И уж вовсе естественной — учитывая соизмеримость талантов — кажется параллель Фолкнер — Шолохов. На это справедливо обращает внимание П. Палиевский, проницательно обозначая точки сближения: шолоховский Дон — Йокнопатофа, идея матери-земли, яростная стойкость героев и т. д. "Однако тут же, — продолжает критик, — само собой разумеется, пролегает и рубеж: у Шолохова изменения воспроизводимой жизни идут в направлении революционного переустройства, у Фолкнера — в сторону истребления капитализмом всех человеческих ценностей".[68] Точно так: шолоховский гуманизм мощно прорастал, основываясь на осознанной идее необходимости союза между человеком и общественным прогрессом, фолкнеровский же — трудно пробивал себе путь, опираясь на единственную, по мнению писателя, реальность в мире: веру человека в самого себя. Как это сказано в "Свете в августе": "Похоже, что человек может выдержать почти все. Выдержать даже то, чего он не сделал. Выдержать даже мысль, что есть такое, что он не в силах выдержать. Выдержать даже то, что ему впору упасть и заплакать, а он себе этого не позволяет. Выдержать — не оглянуться даже, когда знает, что, оглядывайся не оглядывайся, проку все равно не будет".
Но и этого немало, стоическая вера в человека, может быть, вообще самое ценное в творчестве Фолкнера и самая необходимая его традиция. Когда кончается пустое подражание, когда и более глубокие, художественные, творческие связи не дают о себе знать — да их и вообще может не быть — эта несокрушимая, яростно отстаиваемая вера в человека остается как выстраданный завет наследникам. Да и современники ощущали это — недаром с таким восторгом отзывался о Фолкнере, скажем, Чезаре Павезе, писатель, чья творческая манера ничуть не напоминает фолкнеровскую.
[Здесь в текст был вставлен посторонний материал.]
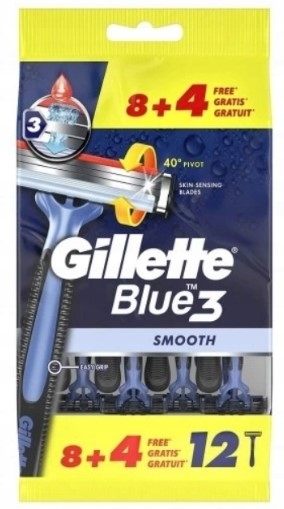 Gillette Blue3 Smooth Jednorazowe Maszynki do golenia 12 sztuk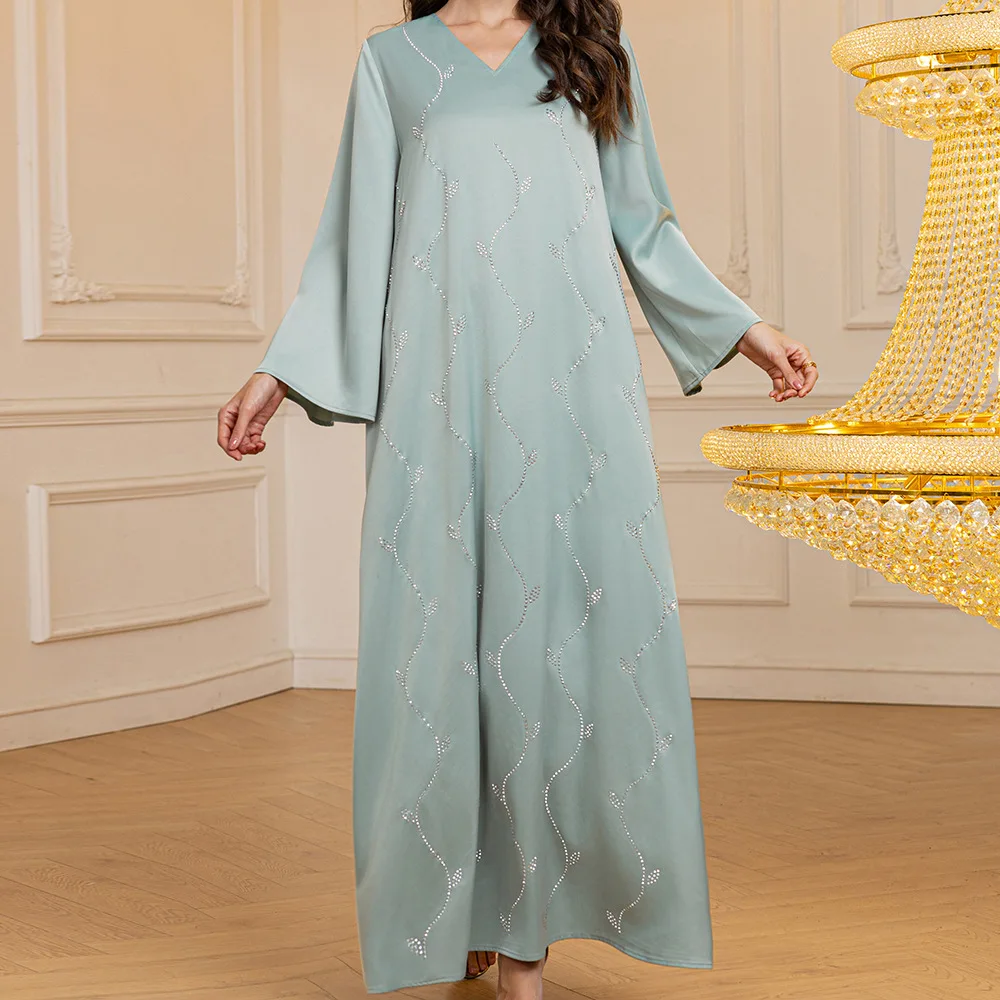 

Ramadan Muslim Women Maxi Dress Satin Abaya Diamonds Luxury Dubai Kaftan Femme Marocain Caftan Islam Jalabiya Eid Djellaba Robe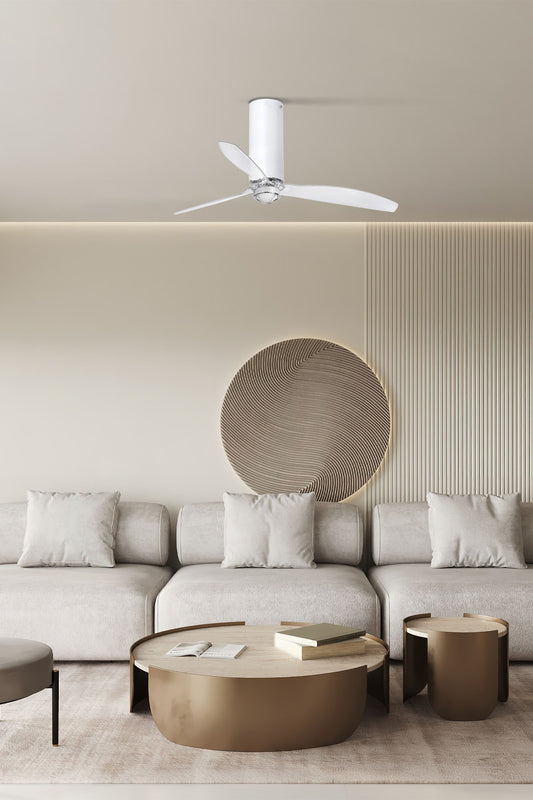 Ventilador TUBE FAN M fabricado en Acero y Cristal color Blanco Mate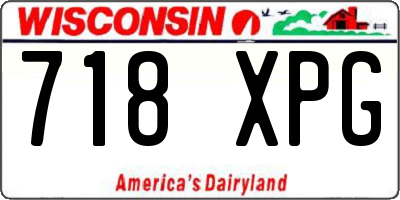 WI license plate 718XPG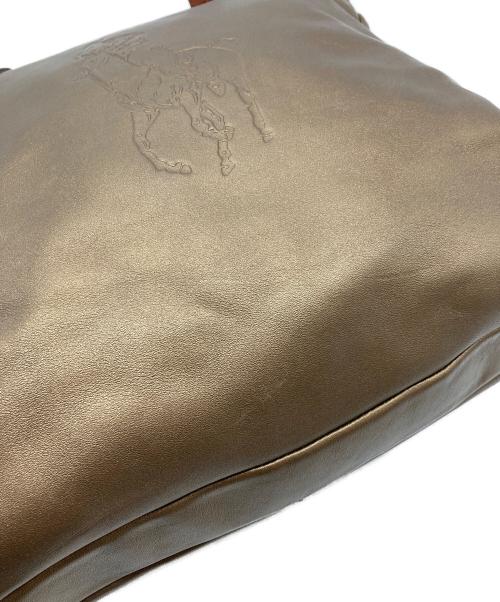 RALPH LAUREN（ラルフローレン）RALPH LAUREN (ラルフローレン) ビッグポニー型押しレザートートバッグ ブロンズ サイズ:実寸参照の古着・服飾アイテム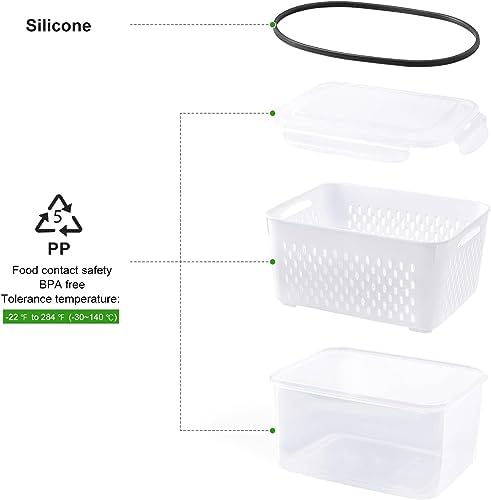 Freshmage Fruit Storage Containers for Fridge with Removable Colander 8 pcs - Image 7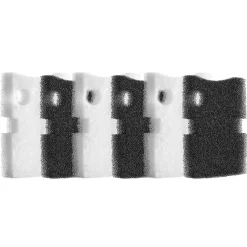 VEVOR Aquarium Filter Media Pads, 6 PCS Replacement with Impeller for AQ500, Canister Floss Replacement for Fish Tank, Zirconia Impeller Shaft, 3 Black Polyurethane Foam & 3 White Polyester Fiber Pads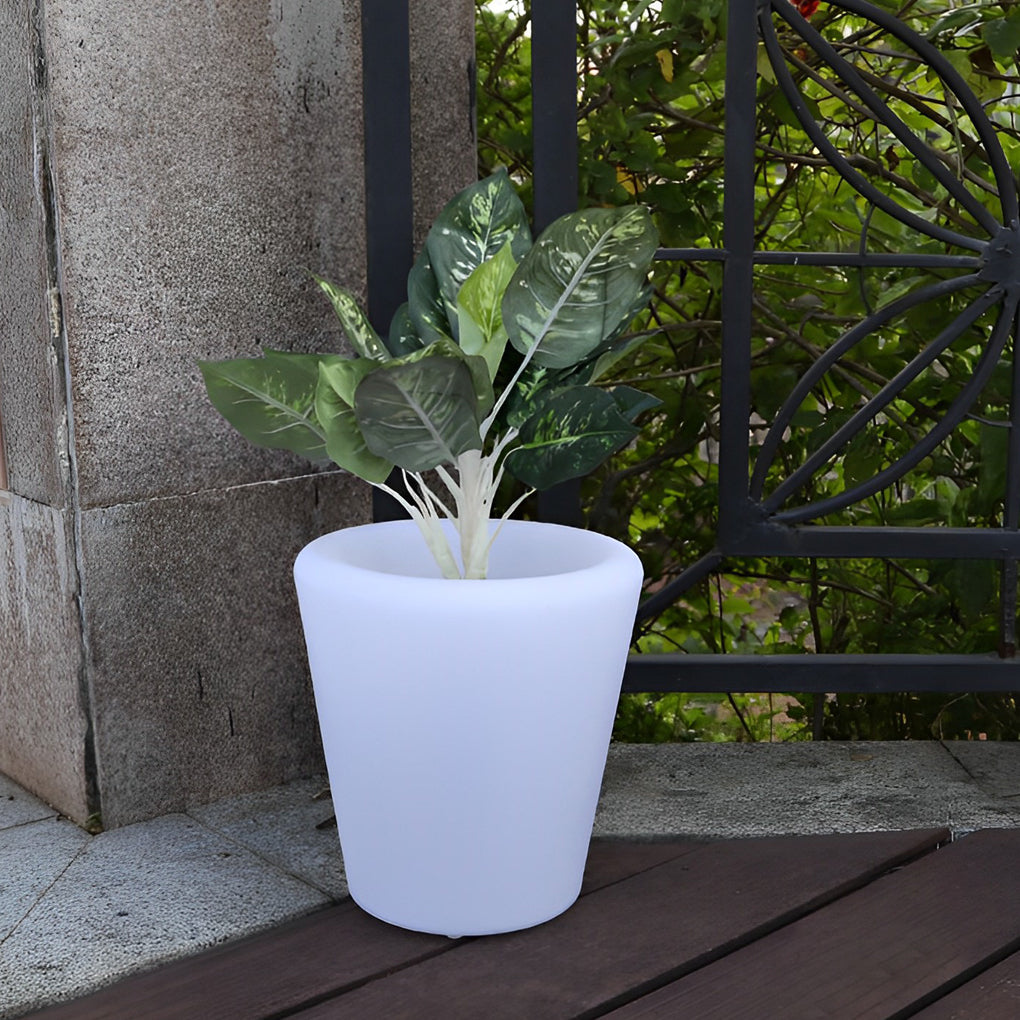 Luminous Flowerpot with RGB Lighting – Solar, Rechargeable &amp; Hardwired Options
И еще. Сейчас, когда само искусство на Западе подвергается невидимому, но мощному, все тяжелеющему давлению «истеблишмента», стремящегося растворить его в потоке "массовой культуры"; когда оно же как "буржуазный феномен" встречает шумные атаки слева — проникновенная, безраздельная вера Фолкнера в силу художественного слова тоже становится моральным уроком. Ее, эту веру, он провозглашал не раз, но, может быть, всего сильнее звучат строки из послания, озаглавленного "Японской молодежи": "Я думаю, что искусство — это… самая мощная и неизбывная сила, изобретенная человеком для запечатления своей собственной неизбывности, своего мужества, которое побеждает любое страдание".[69]
Сам художник оставался верен этой идее, подтвердил ее всею своей жизнью в литературе. Никакая задача не казалась ему слишком обширной, никакой масштаб изображения слишком великим. Он всегда ориентировался на самые высокие цели, хотя и не всегда достигал их. Ответы его бывали неточны, но постоянно оставалось стремление отыскать их. Начиная с маленькой точки на карте, он медленно постигал огромность жизни, непреложность ее движения- и постоянно, не страшась поражений, стремился раскрыть в слове тайну этого движения.
Лев Толстой в разговоре с Рерихом так отозвался о картине последнего «Гонец»: "Случалось ли вам в лодке переезжать быстроходную реку? Надо всегда править выше того места, куда вам нужно, иначе снесет. Так и в области нравственных требований; надо рулить всегда выше — жизнь снесет. Ваш гонец очень высоко руль держит — тогда доплывет".[70]
Так же дело, наверное, обстоит и в "области требований" художественных. Фолкнер, впрочем, никогда не отделял искусство от нравственности. Для его жизни, для его творчества была прежде всего характерна предельность — тем и определяется его значение в литературе — убежден, в литературе не одного только XX века.